### DATA
=-=-=-=-=
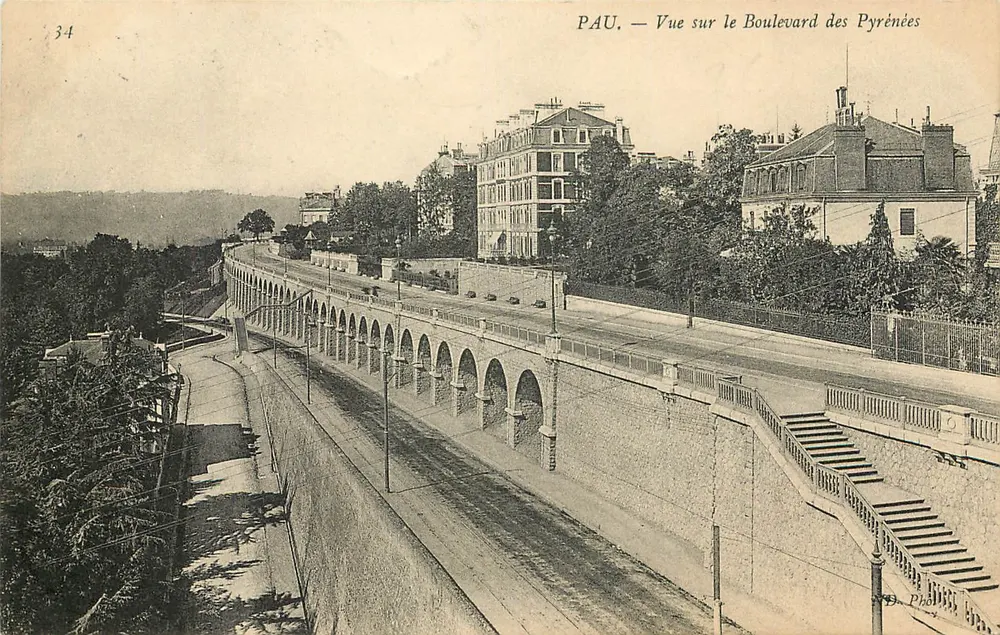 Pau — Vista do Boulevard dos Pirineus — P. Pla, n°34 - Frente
=-=-=-=-=
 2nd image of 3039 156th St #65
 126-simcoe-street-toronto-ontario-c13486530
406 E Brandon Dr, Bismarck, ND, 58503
=-=-=-=-=
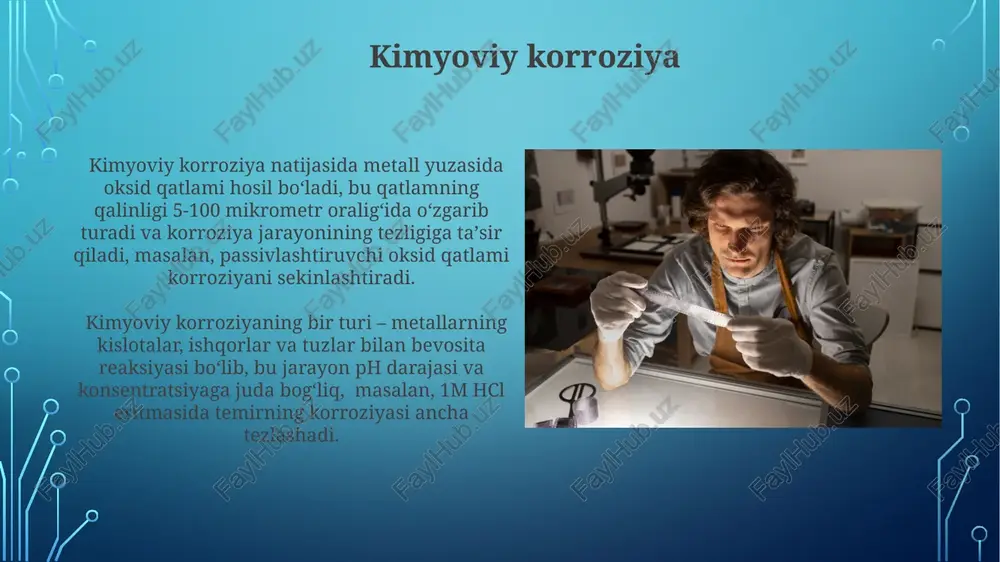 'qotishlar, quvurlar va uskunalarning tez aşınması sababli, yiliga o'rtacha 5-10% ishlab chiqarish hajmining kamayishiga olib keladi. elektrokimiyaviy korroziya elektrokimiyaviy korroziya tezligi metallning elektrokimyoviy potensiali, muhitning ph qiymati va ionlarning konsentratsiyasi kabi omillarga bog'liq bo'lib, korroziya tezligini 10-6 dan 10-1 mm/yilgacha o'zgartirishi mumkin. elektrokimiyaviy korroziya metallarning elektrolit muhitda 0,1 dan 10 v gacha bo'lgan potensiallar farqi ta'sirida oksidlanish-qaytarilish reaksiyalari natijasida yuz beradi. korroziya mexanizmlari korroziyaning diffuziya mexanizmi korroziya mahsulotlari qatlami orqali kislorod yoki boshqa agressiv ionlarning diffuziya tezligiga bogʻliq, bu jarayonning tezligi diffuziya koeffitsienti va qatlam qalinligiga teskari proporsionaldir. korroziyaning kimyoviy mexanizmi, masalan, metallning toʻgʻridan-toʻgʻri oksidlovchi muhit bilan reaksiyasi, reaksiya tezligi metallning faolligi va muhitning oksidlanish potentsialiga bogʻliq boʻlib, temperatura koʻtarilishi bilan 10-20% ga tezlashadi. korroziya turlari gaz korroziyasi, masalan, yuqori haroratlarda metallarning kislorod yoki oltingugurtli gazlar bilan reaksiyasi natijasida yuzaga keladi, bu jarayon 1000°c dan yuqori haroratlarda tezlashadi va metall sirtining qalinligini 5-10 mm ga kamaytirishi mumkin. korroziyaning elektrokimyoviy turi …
=-=-=-=-=
### WORK TO COMPLETE
Reproduce the lines of the entries above from the one with "126-simcoe-street-toronto-ontario-c13486530" to the one with "406 E Brandon Dr, Bismarck, ND, 58503", both included, exactly and without any other line.

### SOLUTION TO THIS PROBLEM
 126-simcoe-street-toronto-ontario-c13486530
406 E Brandon Dr, Bismarck, ND, 58503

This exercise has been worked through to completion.